Crawled caption data:
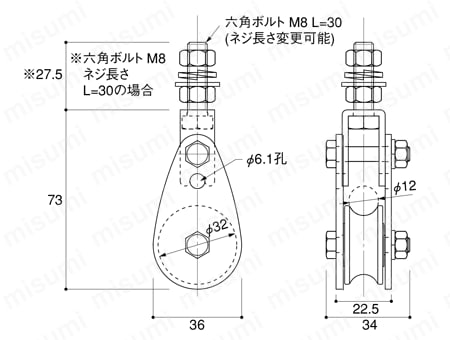 リキドーブロック1車32mmボルトタイプ 外形図01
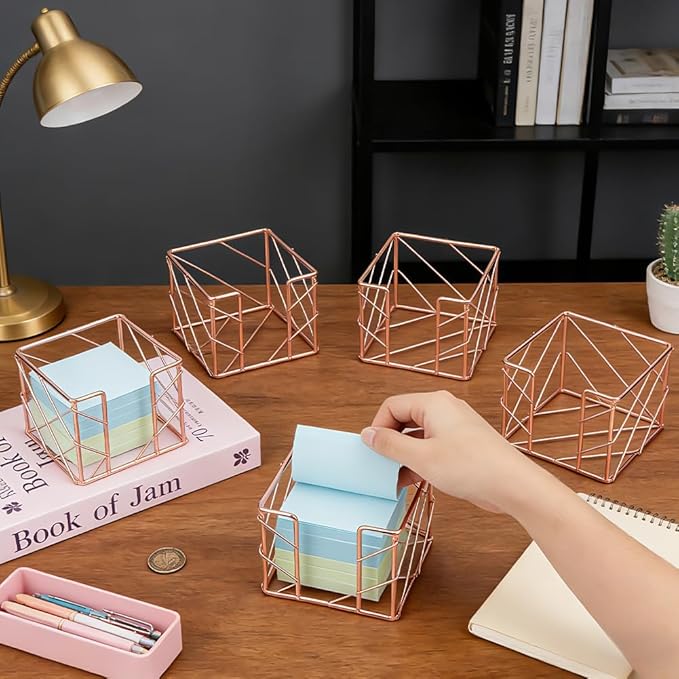 6 Pcs Sticky Note Holder, 4x4x3.15Inch Memo Note Cube Holder Mesh Desk Organizer for Notepads Pens Home Office Desk Supplies (Rose Gold)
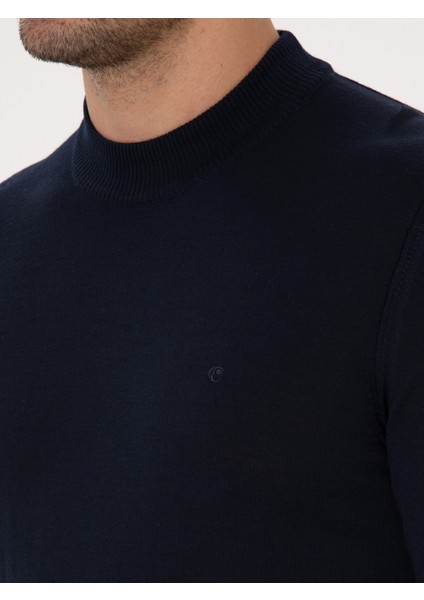 Erkek Lacivert Slim Fit Basic Kazak 50318891-VR033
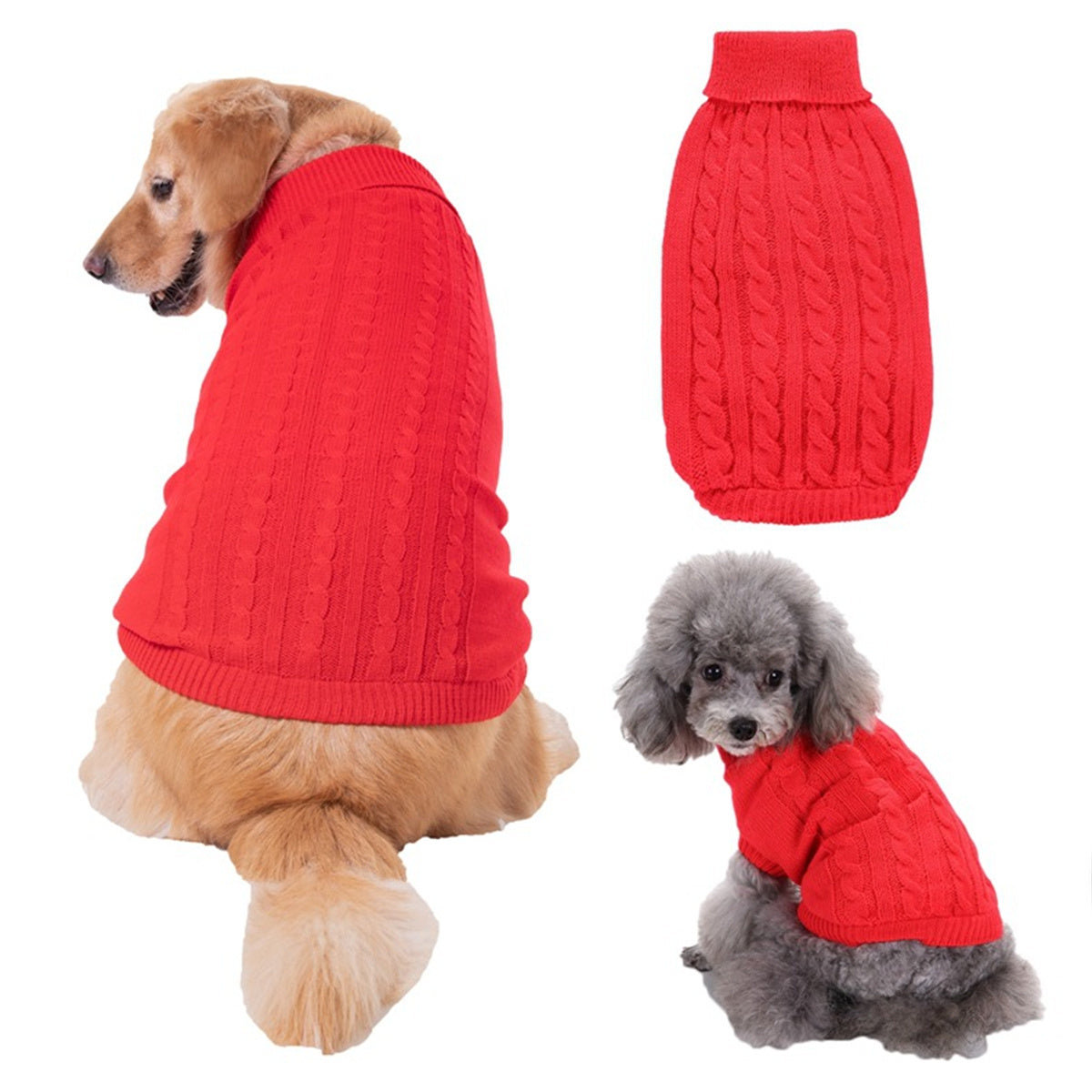 Dog Sweater Warm Pet Sweater Dog Sweaters for Small Dogs Medium Dogs Large Dogs Cute Knitted Classic Clothes Coat for Dog Puppy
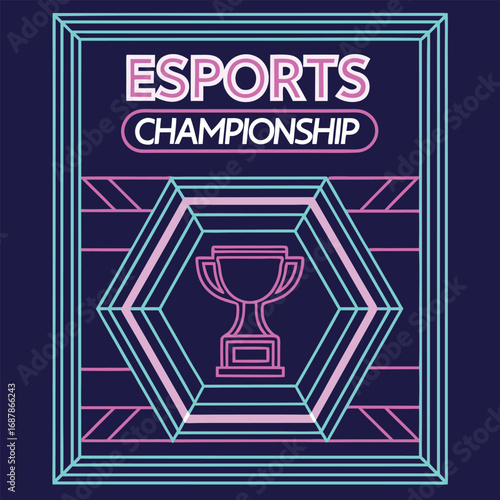 Esports championship trophy neon frame vector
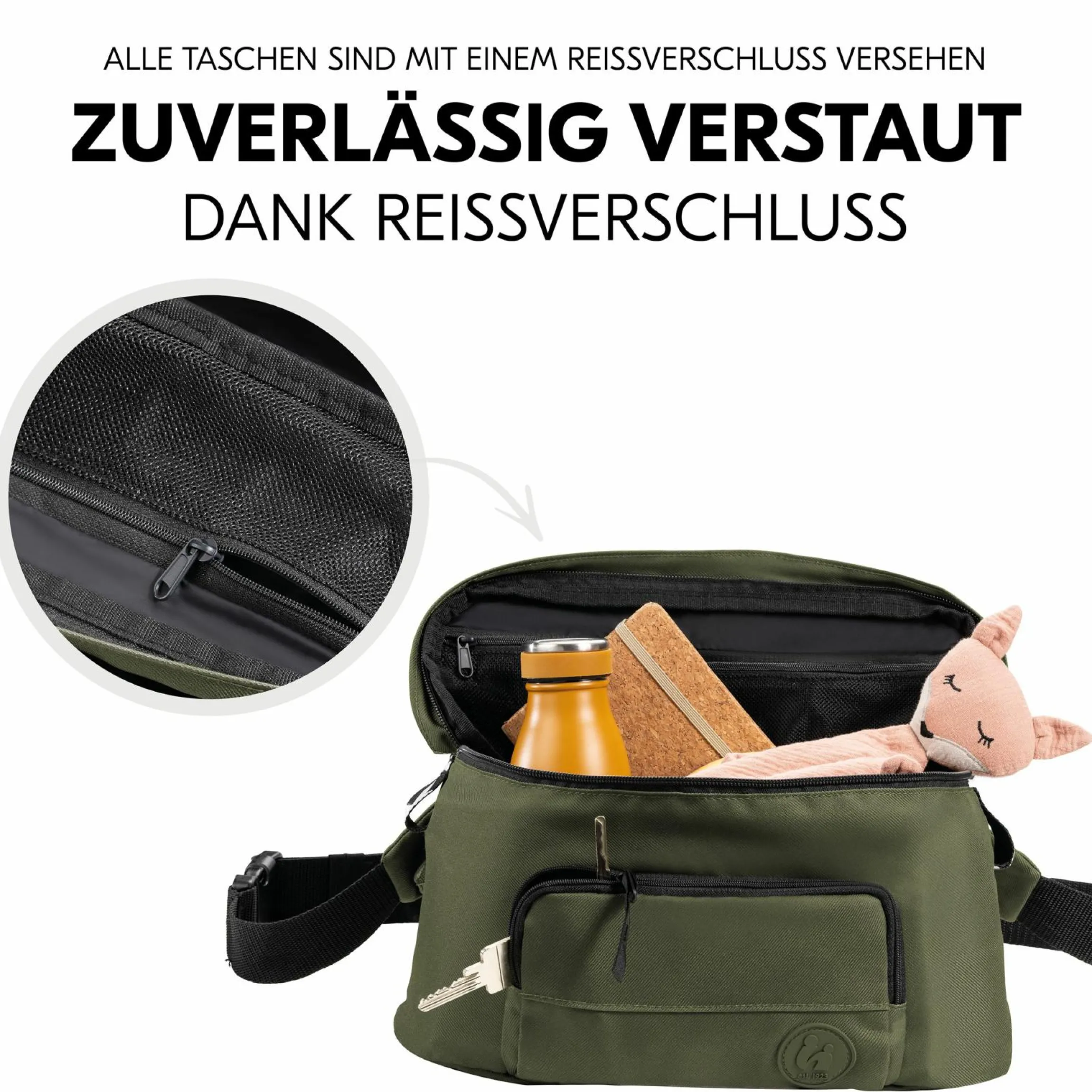 Universal Kinderwagen Organizer und Bauchtasche - Pushchair Hip Bag - Olive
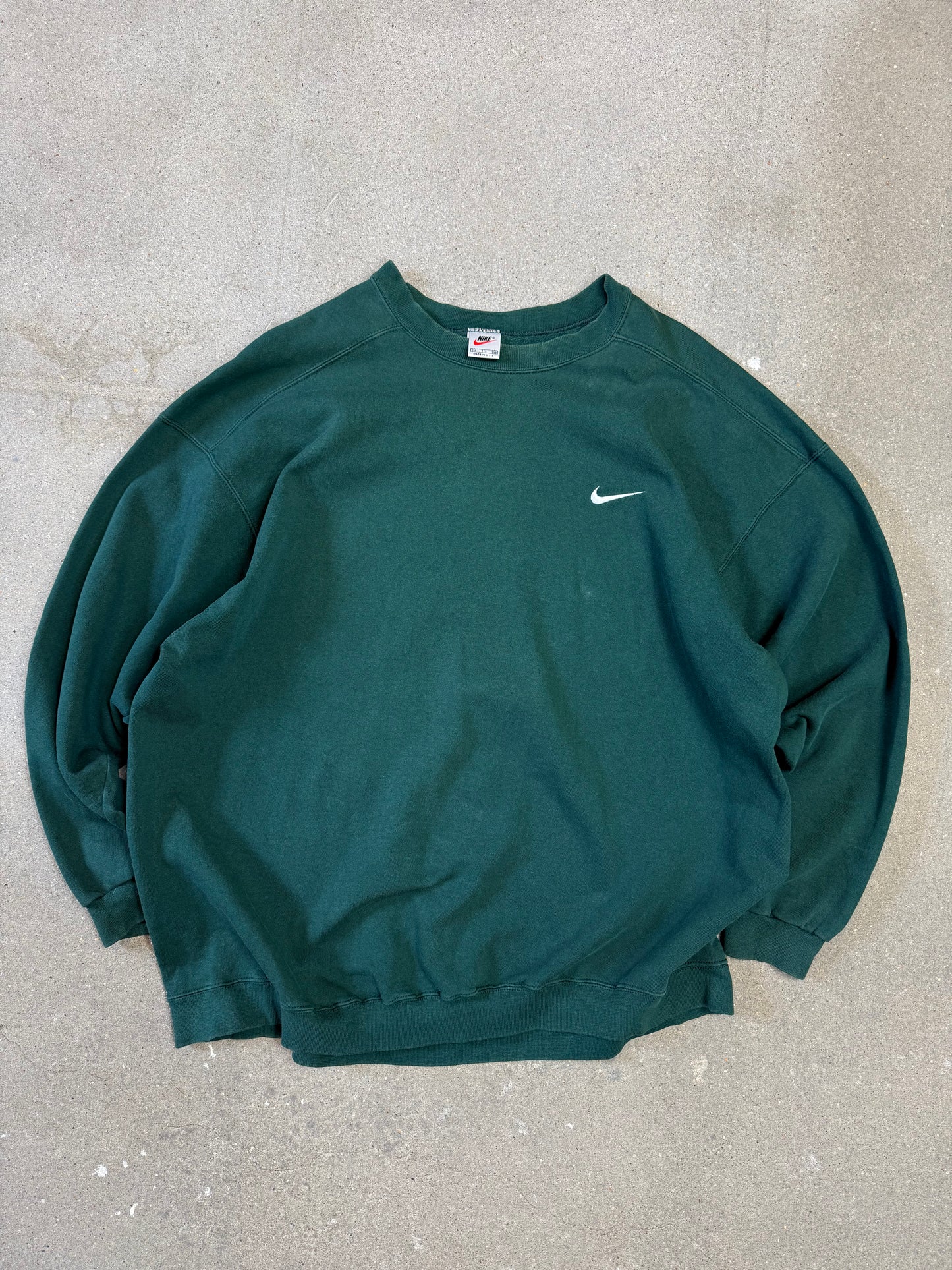 Late 1990s Made in USA Nike Swoosh Embroidery Logo Sweatshirt Forest green (XXL)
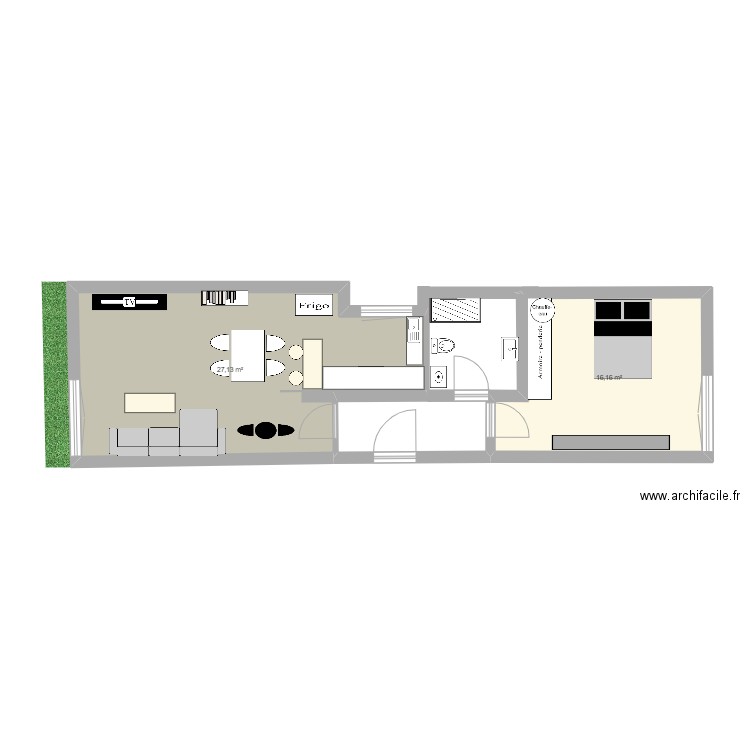 Maison perso.. Plan de 2 pièces et 43 m2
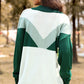 Color Block Chevron Half-Button Sweater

What the exercise asks -> No pictures go in the copy. Set down all the data exactly.

Reply to the exercise ->
 リキドーブロック1車32mmボルトタイプ 外形図01
 6 Pcs Sticky Note Holder, 4x4x3.15Inch Memo Note Cube Holder Mesh Desk Organizer for Notepads Pens Home Office Desk Supplies (Rose Gold)
 Erkek Lacivert Slim Fit Basic Kazak 50318891-VR033
 Dog Sweater Warm Pet Sweater Dog Sweaters for Small Dogs Medium Dogs Large Dogs Cute Knitted Classic Clothes Coat for Dog Puppy
 Esports championship trophy neon frame vector
 Universal Kinderwagen Organizer und Bauchtasche - Pushchair Hip Bag - Olive
 Late 1990s Made in USA Nike Swoosh Embroidery Logo Sweatshirt Forest green (XXL)
 Maison perso.. Plan de 2 pièces et 43 m2
 Color Block Chevron Half-Button Sweater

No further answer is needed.